Herb on his sunny porch
It’s an unfortunately common refrain.
“I should have gone when I had the chance.”
“I kept saying, ‘I’ll see him next week.’”
“I’ll always regret not talking to him before he died.”
We all have examples of people close to us in our lives — family, relatives, friends — who died before we had a chance to say goodbye, or to see him or her one last time.
But we still believe that those close to us will always be around, or at least be around next weekend when we have some free time.
And then they’re gone.
And our mourning begins. And not just our mourning, but our regret, our guilt, our sadness bourn of the belief that we let this relative or friend down.
I’m feeling that right now. I just attended the memorial service for Herbert Harold “Briefcase” Simpson, a New Orleans native and lifelong resident — of the Algiers section of the city, Herb would proudly point out — who played in the Negro Leagues before integrating two different minor leagues in organized baseball.
I accompanied Herb and his nephew, Felton Glapion, to Seattle last summer, when Herb was honored by the Mariners on their annual African-American Heritage Day. It was an amazing trip, one of the greatest experiences of my life and one I’ll treasure in memory as long as I live.
I had met Herb and interviewed him several times before, so we we already pretty good friends. Multiple times we sat on his porch and shot the breeze, and I listened raptly as he told — with his ever-present humility and grace — about his time playing baseball, and his time serving in Europe during World War II.

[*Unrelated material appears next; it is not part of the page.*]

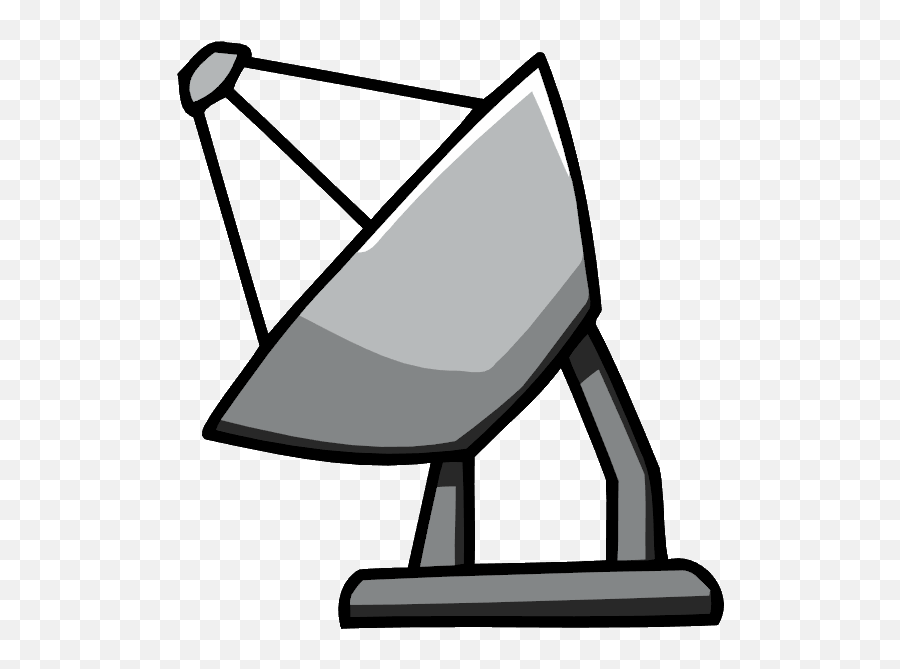 Satellite Dish Clipart Png Transparent Emoji,Satellite Dish Clipart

(And, truth be told, my guess is that Herb could very well have been prouder of his service to his country than he was of his trailblazing baseball career. In fact, in his living room he had a a whole display case full of baseball memorabilia and mementos and treasures from his hardball career. But his favorite keepsake to show visitors might have been a piece of shrapnel from a bomb shell casing he gathered while on the march to Berlin with his Army brethren.)
But our trip to Seattle last July, I felt, kind of bonded us into a deeper friendship and mutual respect, because I got to see Herb Simpson up close and personal, for several days while we worked through our full schedules of dinners, testimonials, baseball games, museum exhibits and other events. I’m 41. Herb at the time was 93, by my count. And at the end of each day in Seattle, I could swear I was more exhausted and wiped out than Herb.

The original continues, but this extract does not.